Osmanlı sarayının nakışhanesinde kitap sanatıyla ilgili çalışmalar saray yönetiminin koruyuculuğunda ve denetiminde 15. yüzyılın ikinci yarısından sonra yoğunluk kazanmış ve 16. yüzyılın ikinci yarısında III. Murad döneminde bu sanat en yüce doruğuna ulaşmıştır. 16. yüzyıl sonlarından başlayarak, imparatorluğun ekonomik güzünün azalmasıyla saray teşkilatının da, sarayın her türlü sanat işlerini gören ehl-i hiref mensuplarını da etkiler.
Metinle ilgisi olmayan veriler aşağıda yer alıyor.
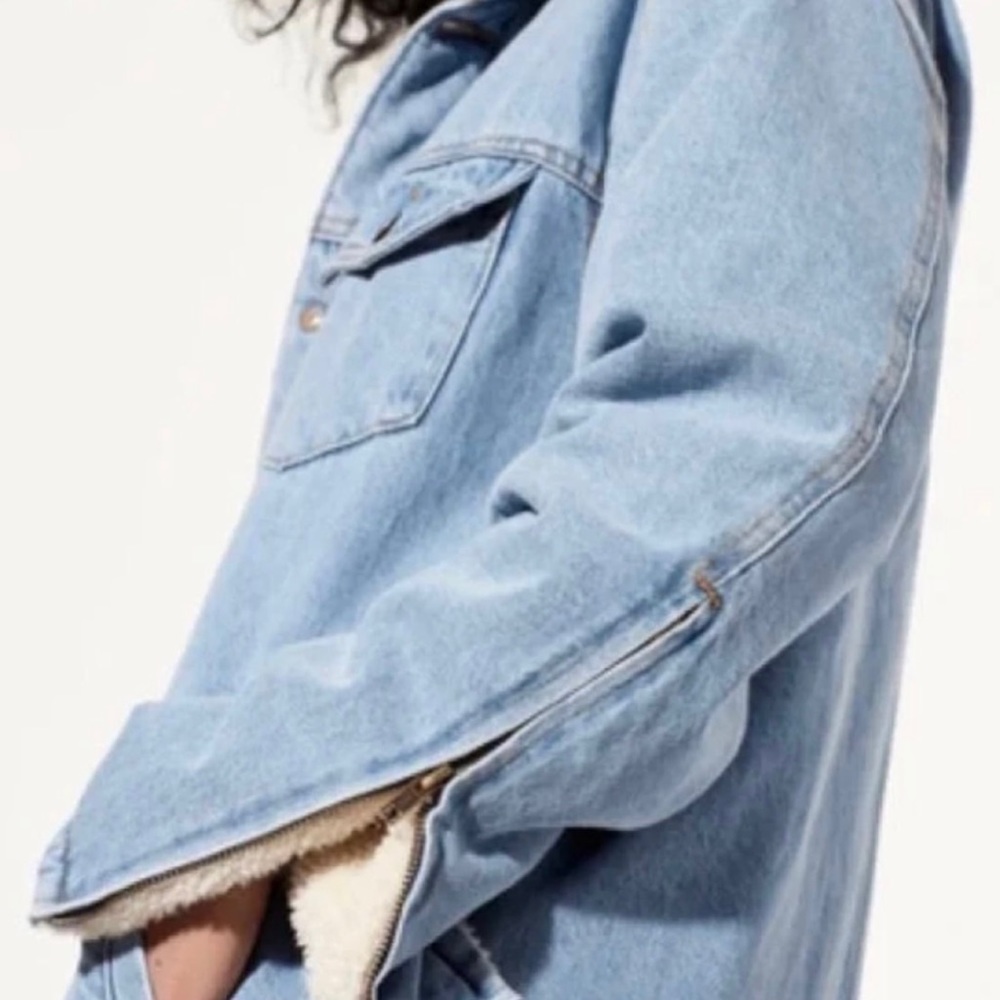 Aritzia Tna newington Sherpa shearling light wash denim jacket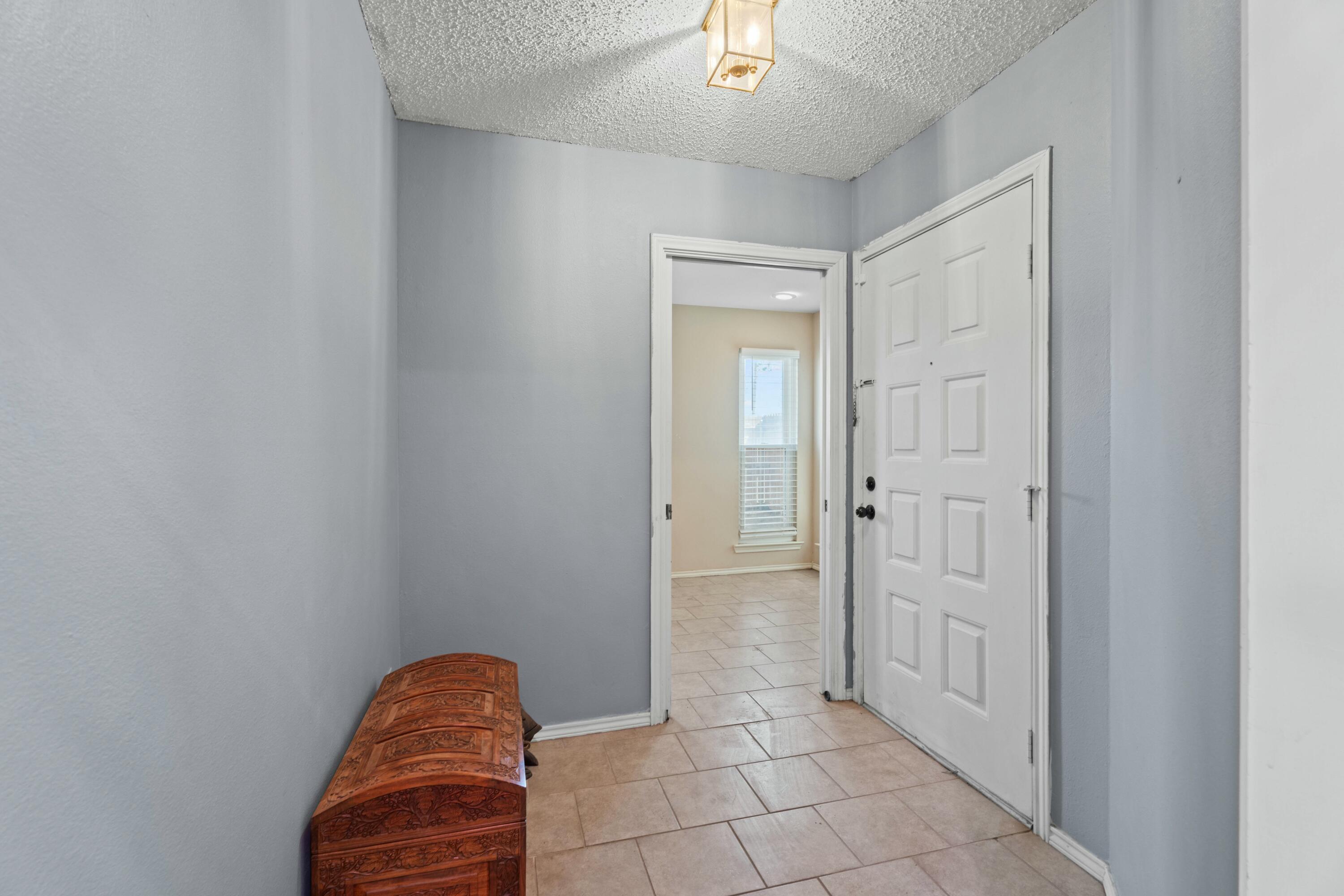 5802 Emory Street Property Photo 8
Resimli kitap üretimi de zenginliğini, görkemliliğini kaybeder (Tanındı, 1996, s.53-54).

16. yüzyılın ikinci yarısında, Sultan III. Murat‟ın saltanat yıllarında (1574-1595) padişah portreleri ilk defa kitap sayfaları arasına girerek bir albüm niteliği kazanmıştır. Şehname yazarı Seyyit Lokman‟ın yazdığı Kıyafet el-İnsaniye fi Şemail el-Osmaniye adlı eserdeki 12 padişah portresi, gerçeğe uygun olması amacıyla uzun araştırmalar sonucunda yapılmıştır (Atasoy‟dan aktaran Çağman ve Tanındı, 1984).
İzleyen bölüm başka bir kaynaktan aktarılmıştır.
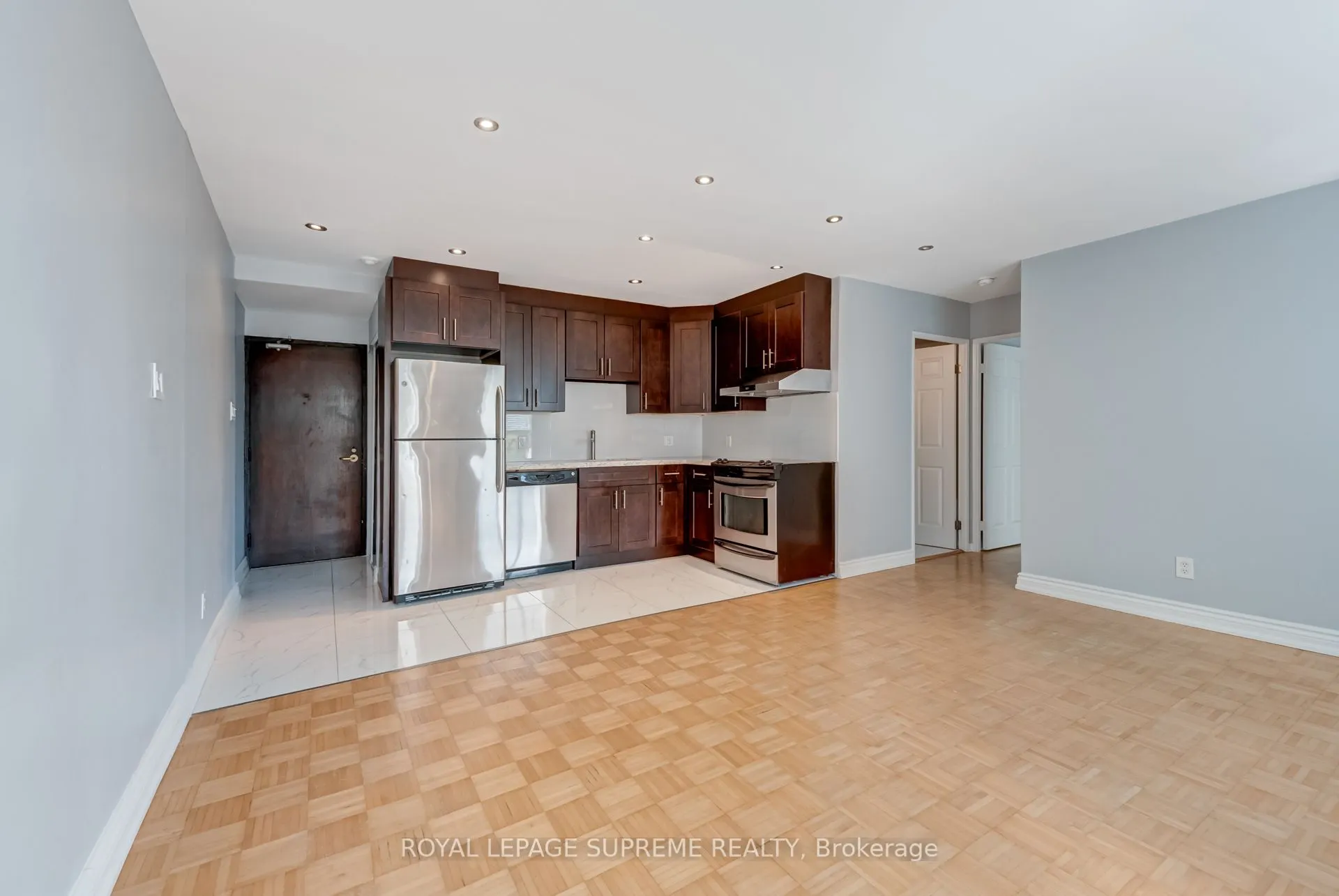 80 Charles Street E, #607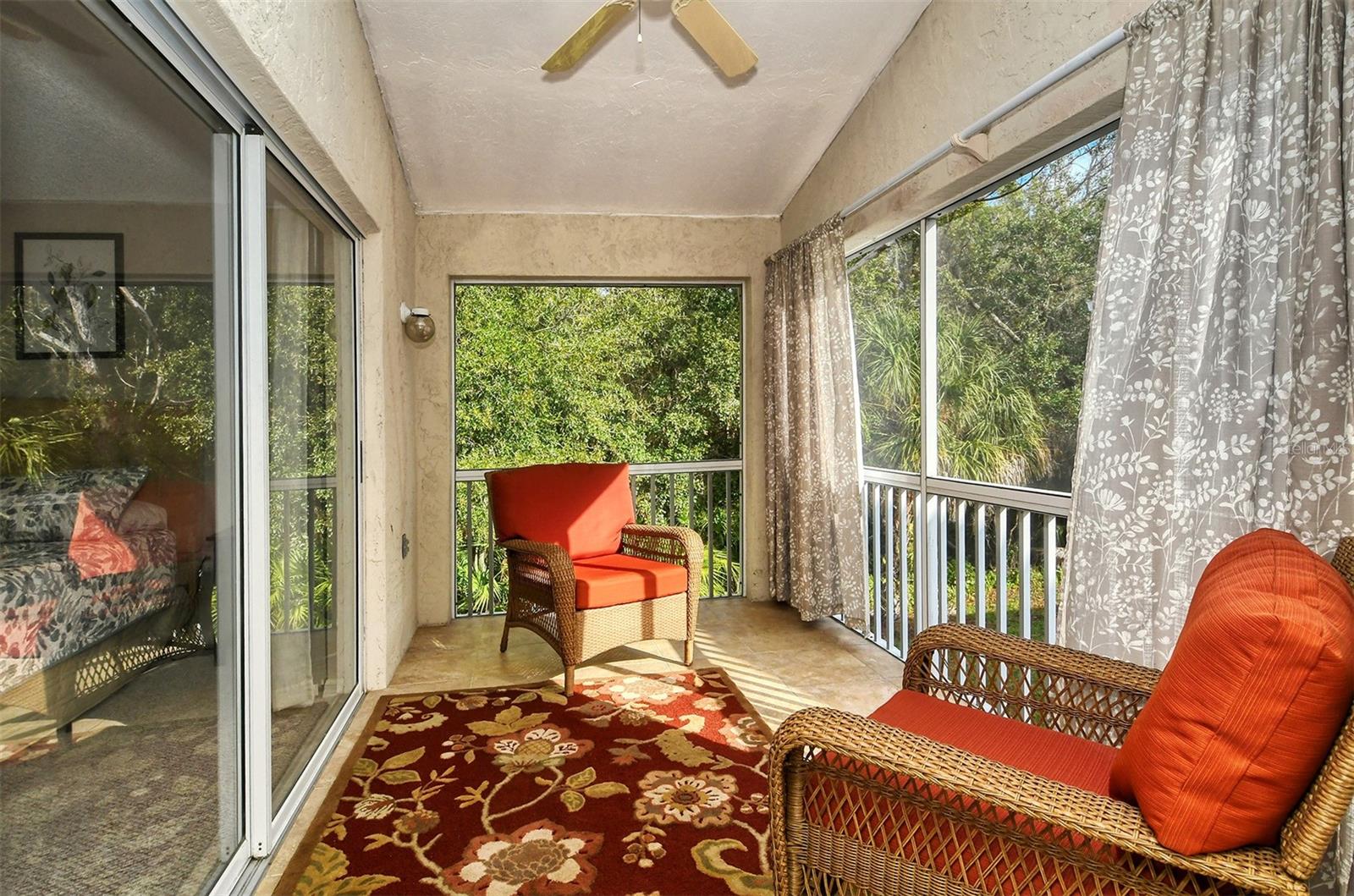 7266 ELEANOR CIR #203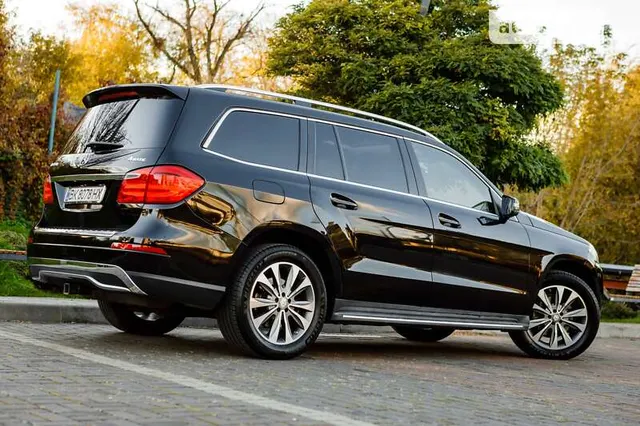 Mercedes-Benz GL-Class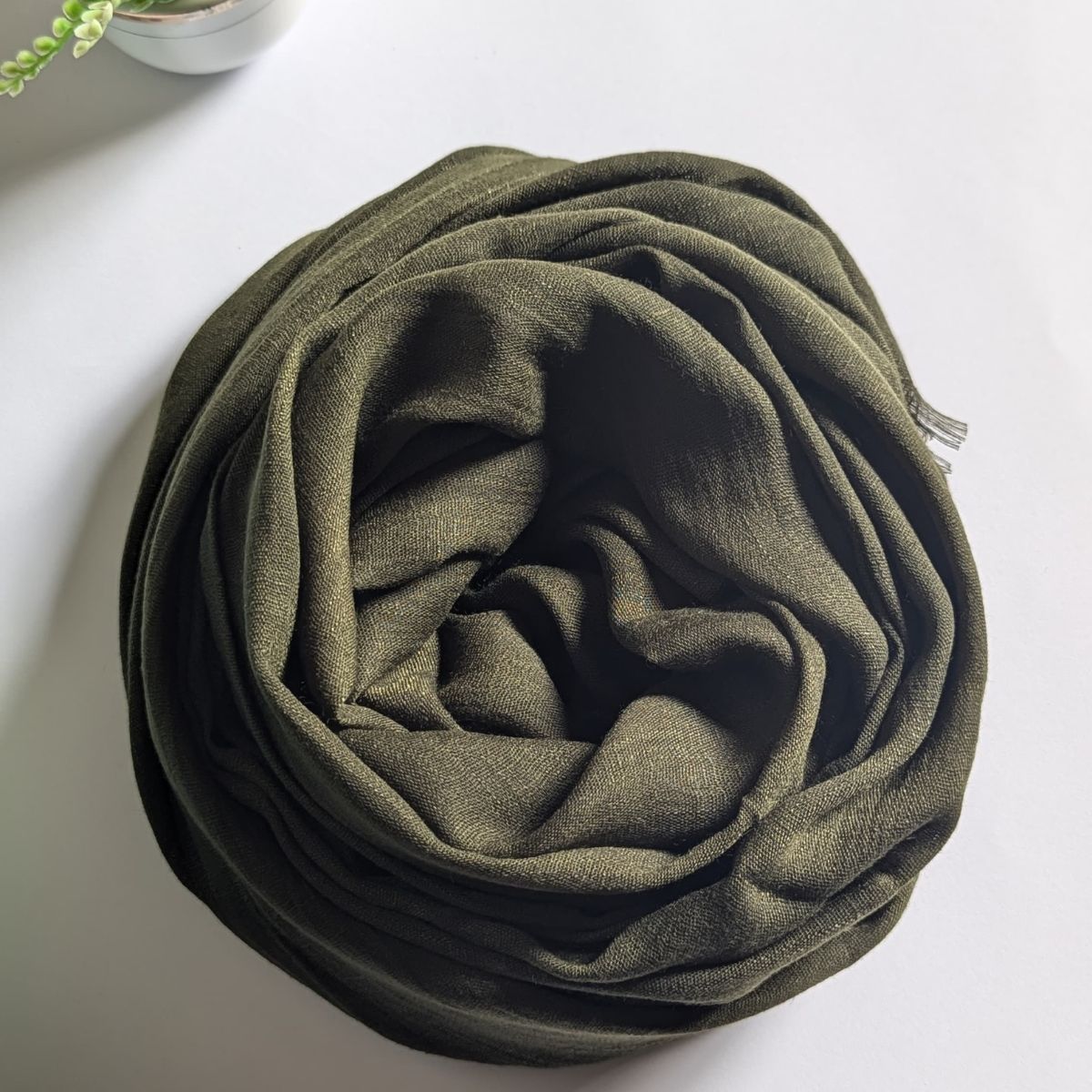 Turkish Lawn Hijab – Jungle Green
“17. yüzyıl Osmanlı minyatüründe bir gerileme görülür” (Aslanapa, 1963, s.143).

17. yüzyıl boyunca Osmanlı padişahlarının portreleri Kıyafetname ve Semailname adı verilen eserlerde, hat ve minyatür çalışmalarını içeren albümlerde günümüze gelmiştir (Çağman ve Tanındı, 1984, s.5).

“Osmanlı minyatürleri, III. Ahmet zamanına, yani Lale devrine kadar İran ve Selçuklu tarzında devam etmiştir (Bektaşoğlu, 2008, s. 51).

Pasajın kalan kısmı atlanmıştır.